### [Task prompt]
Exactly as written, copy every line from the one containing "前期物业管理服务协议新整理版3篇" through the end of the records, with the pictures left out.
*** Data to use ***
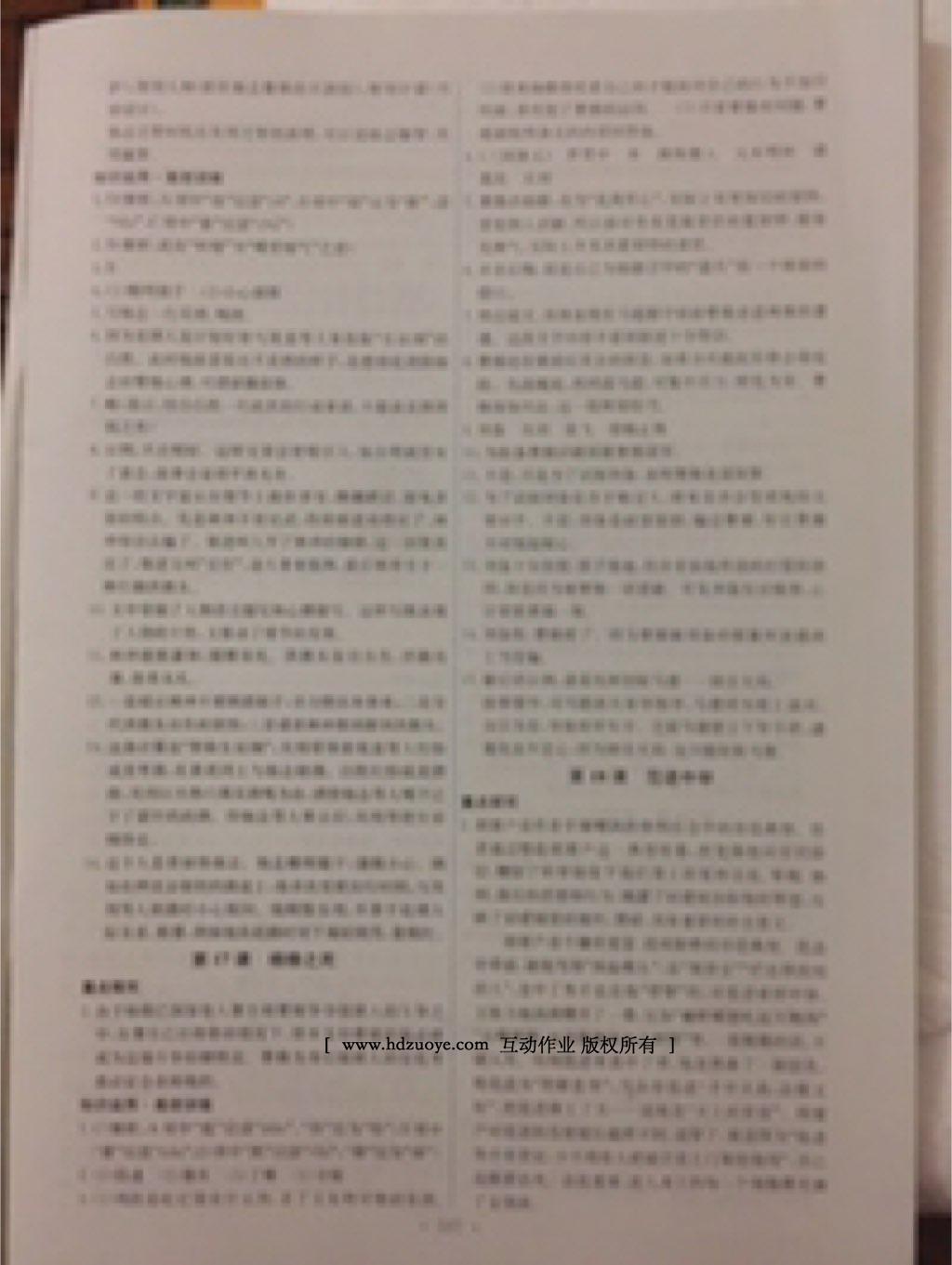 2015年能力培養(yǎng)與測試九年級語文上冊人教版 第25頁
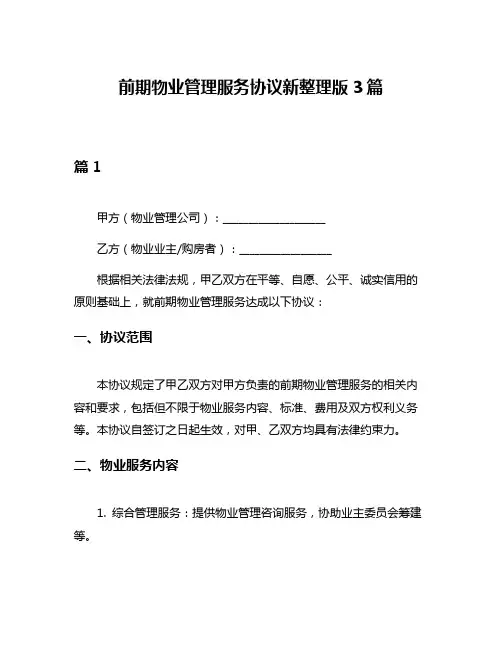 前期物业管理服务协议新整理版3篇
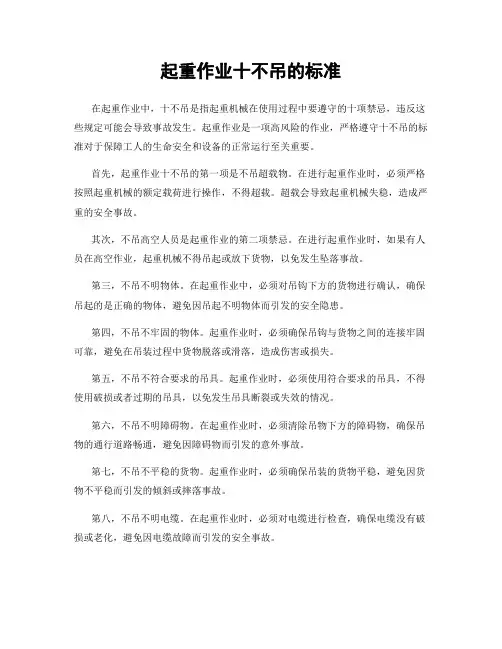 起重作业十不吊的标准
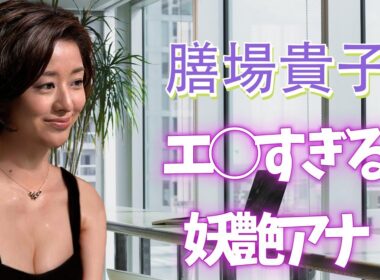 【膳場貴子】熟女好き必見！大人の艶と知性の融合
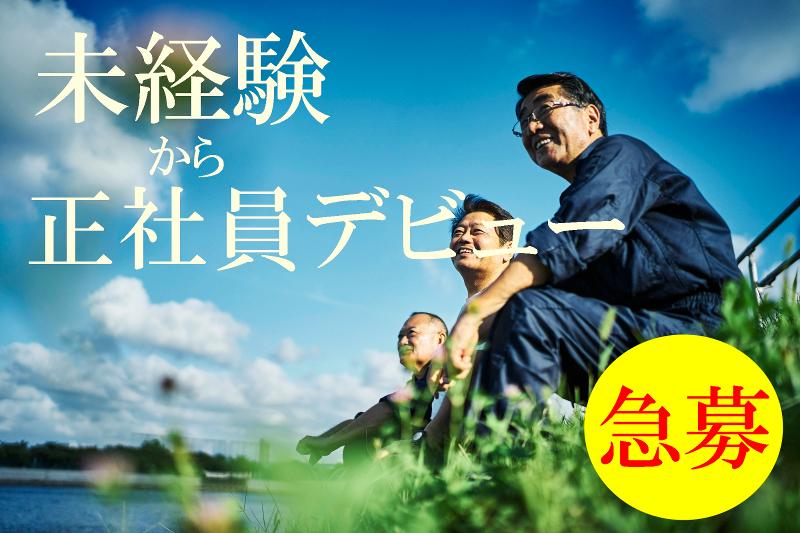 有限会社豊明-0001の求人・転職情報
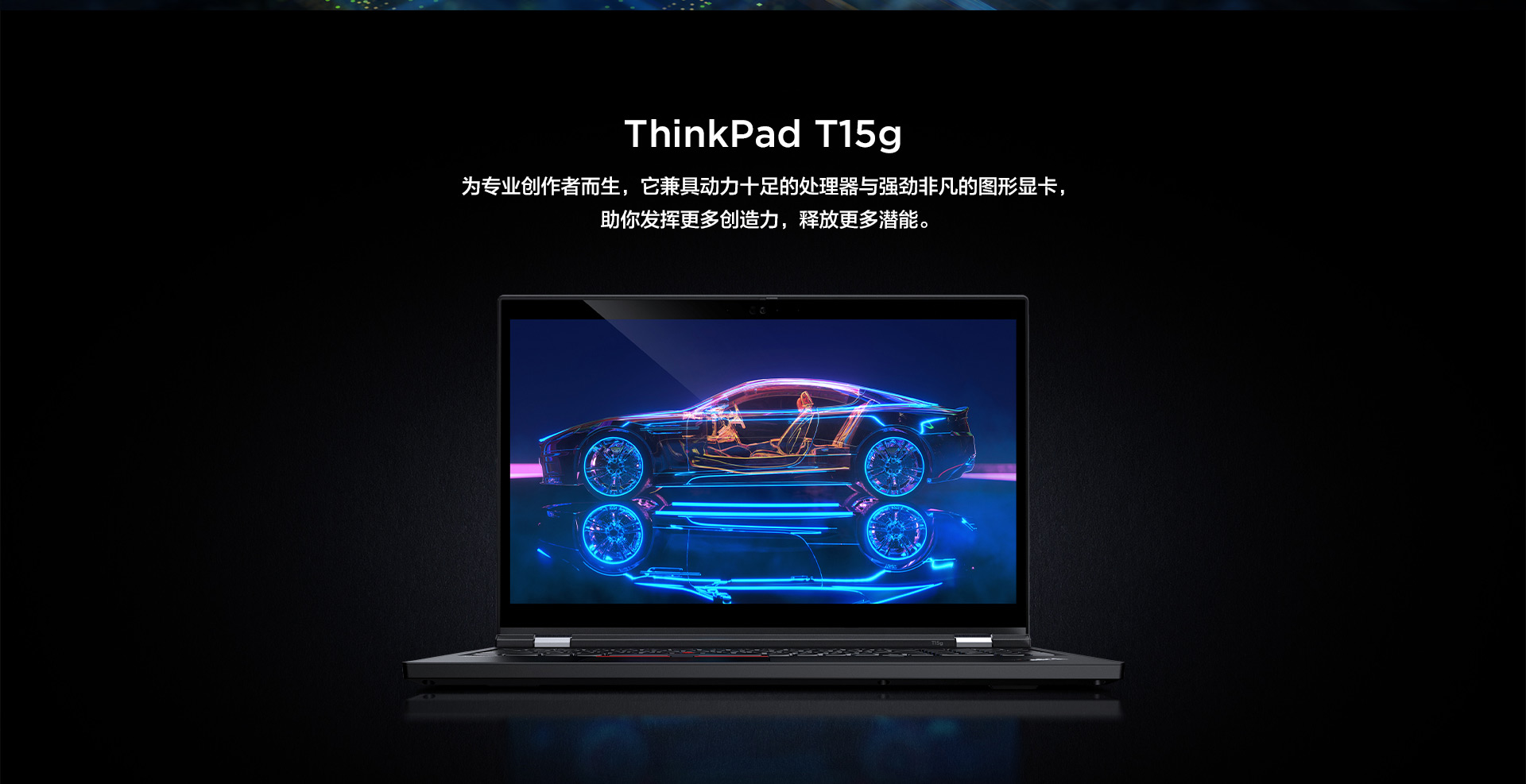 【企业购】thinkpad t15g 英特尔酷睿i9高性能图形创作笔记本04cd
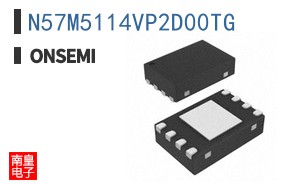 N57M5114VP2D00TG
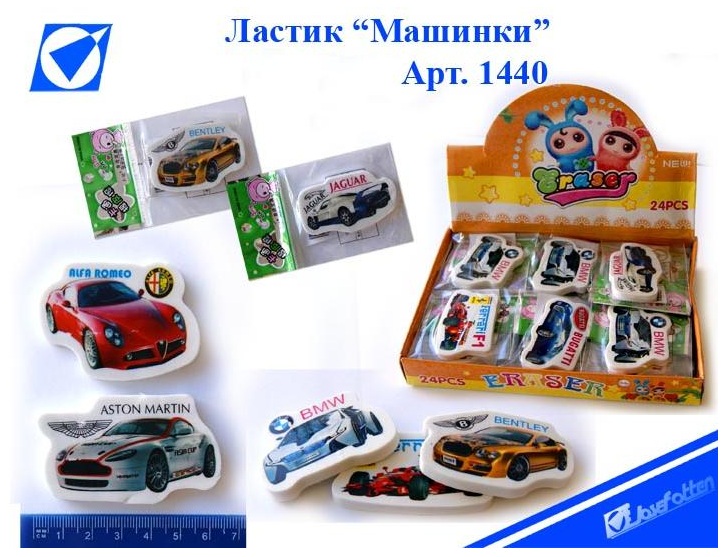 Ластик JO Машинки (уп.24шт.)
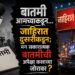“बातमी आमच्याकडून… जाहिरात दुसरीकडून; मग सकारात्मक बातमीची अपेक्षा कशाच्या जोरावर?”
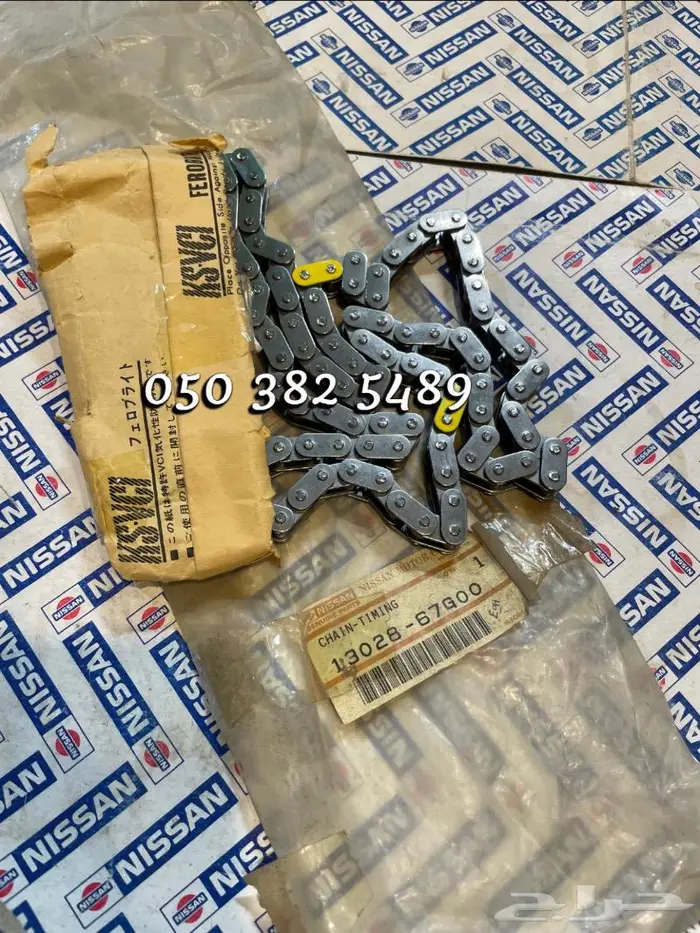 قطع ددسن 86 _97 جديده اصليه وكاله 10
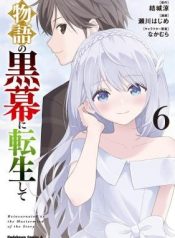 Reincarnated as the Mastermind of the Story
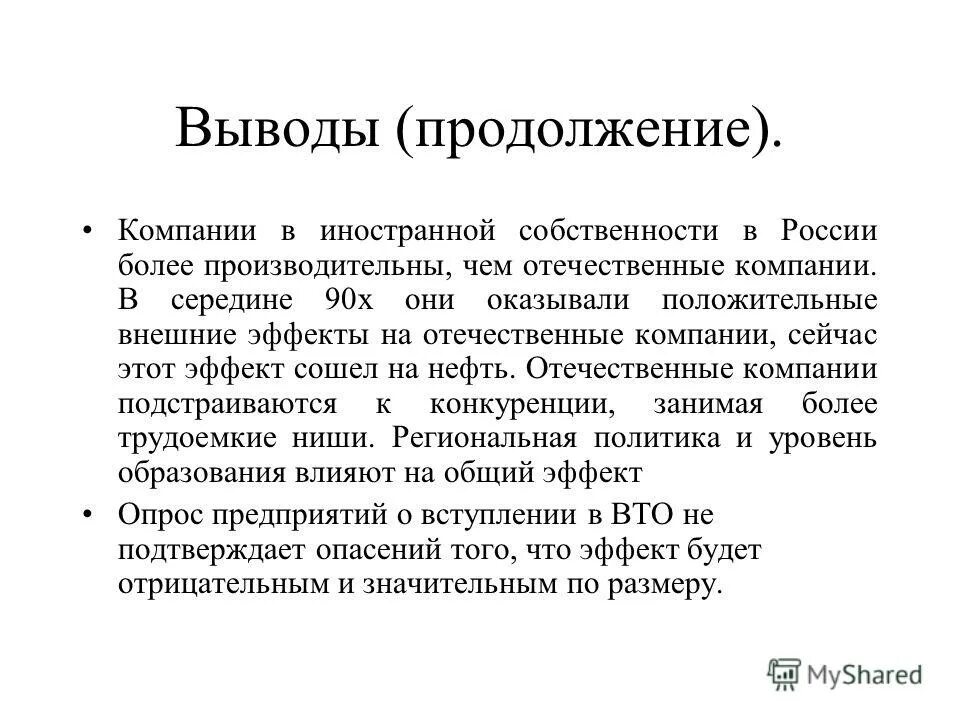 Иностранная собственность в рф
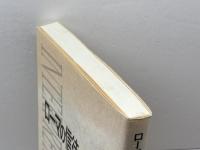 ローマの信徒への手紙　聖書解釈と神学・思想　日本版インタープリティション　75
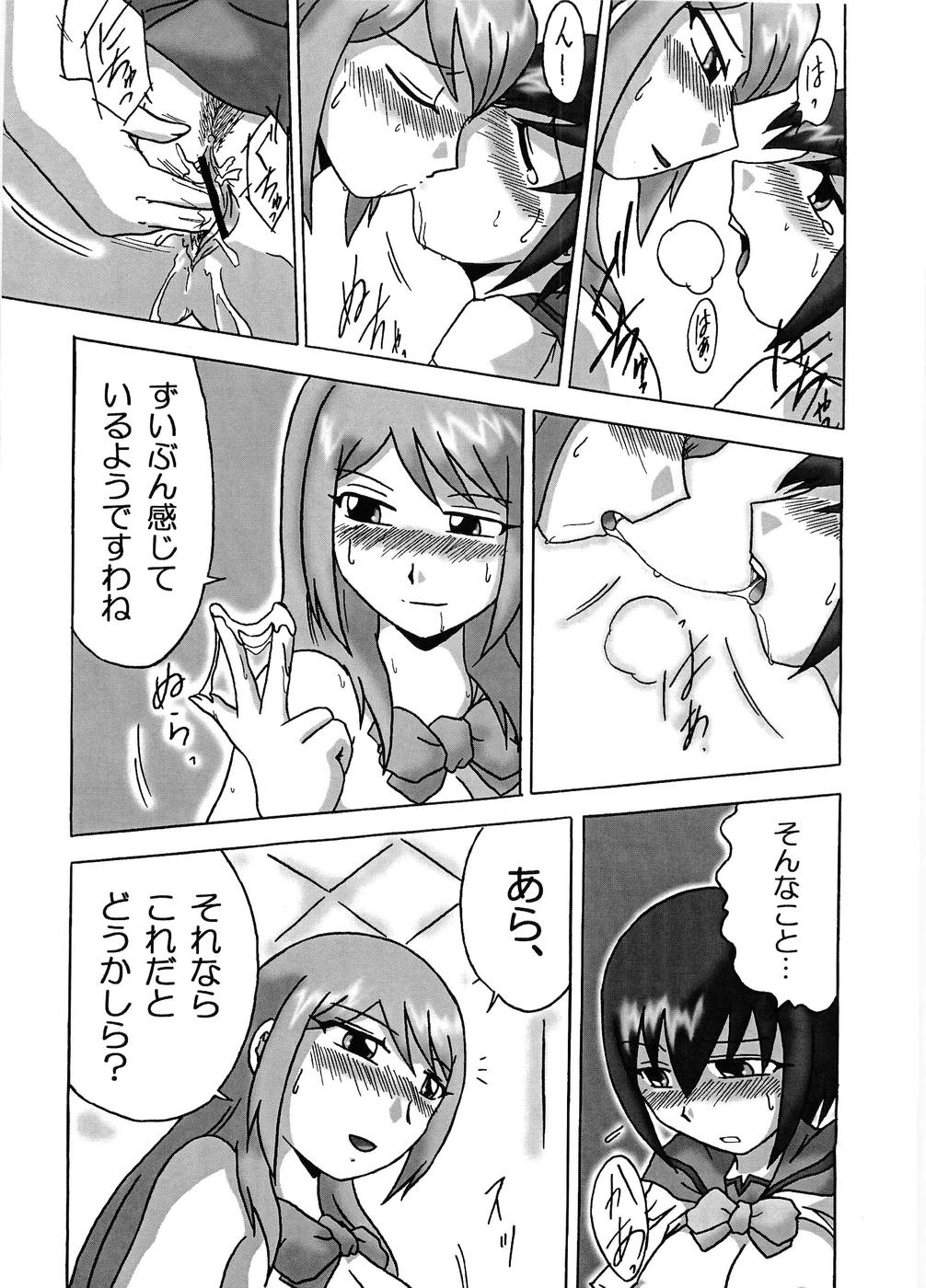 Gokujou Seidokai page 10 full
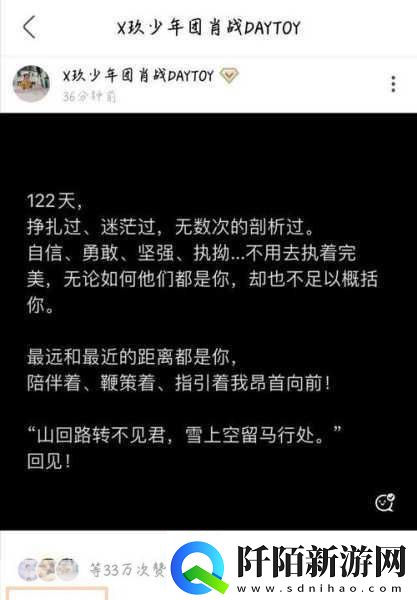 从开始的羞涩到现在的句子1.从羞涩到自信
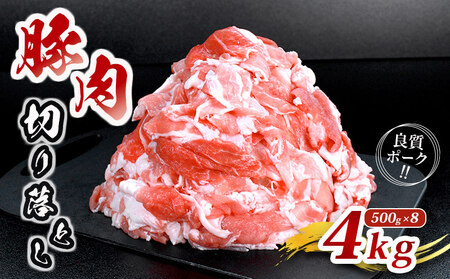 豚肉 切り落とし 4kg 豚肉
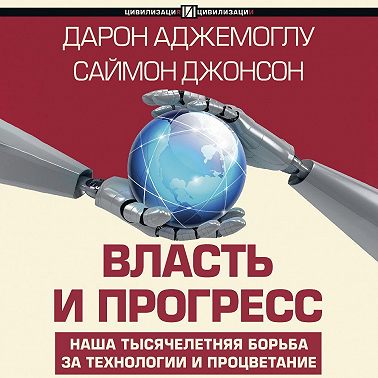 Власть и прогресс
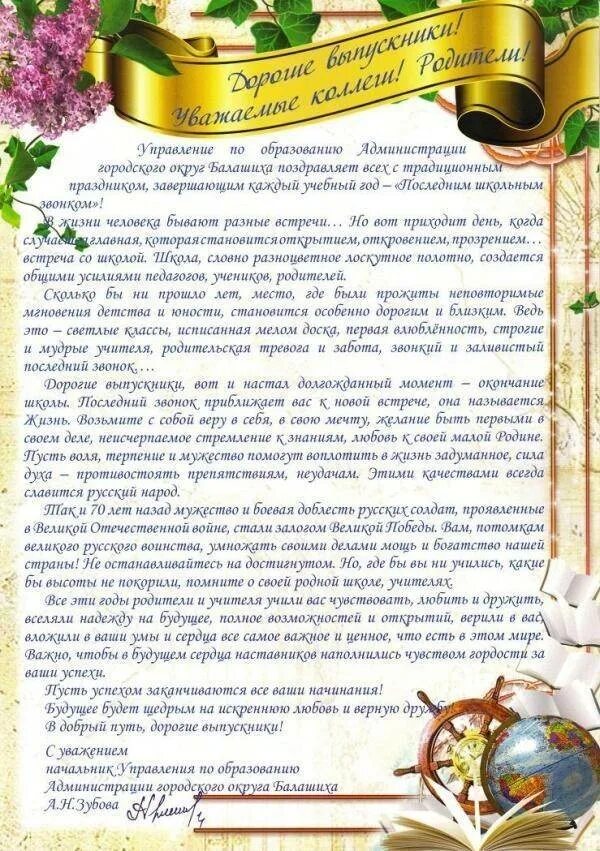 Торжественная речь родителям. Слово классного руководителя на выпускной вечер. речь директора на выпускном в школе. выступление директора на выпускном вечере. поздравление выпускникам от классного руководителя в прозе.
*** End of Data to use ***
### [Output of the exercise]
 前期物业管理服务协议新整理版3篇
 起重作业十不吊的标准
 【膳場貴子】熟女好き必見！大人の艶と知性の融合
 有限会社豊明-0001の求人・転職情報
 【企业购】thinkpad t15g 英特尔酷睿i9高性能图形创作笔记本04cd
 N57M5114VP2D00TG
 Ластик JO Машинки (уп.24шт.)
“बातमी आमच्याकडून… जाहिरात दुसरीकडून; मग सकारात्मक बातमीची अपेक्षा कशाच्या जोरावर?”
 قطع ددسن 86 _97 جديده اصليه وكاله 10
 Reincarnated as the Mastermind of the Story
 Иностранная собственность в рф
 ローマの信徒への手紙　聖書解釈と神学・思想　日本版インタープリティション　75
 Gokujou Seidokai page 10 full
 从开始的羞涩到现在的句子1.从羞涩到自信
 豚肉 切り落とし 4kg 豚肉
 Власть и прогресс
 Торжественная речь родителям. Слово классного руководителя на выпускной вечер. речь директора на выпускном в школе. выступление директора на выпускном вечере. поздравление выпускникам от классного руководителя в прозе.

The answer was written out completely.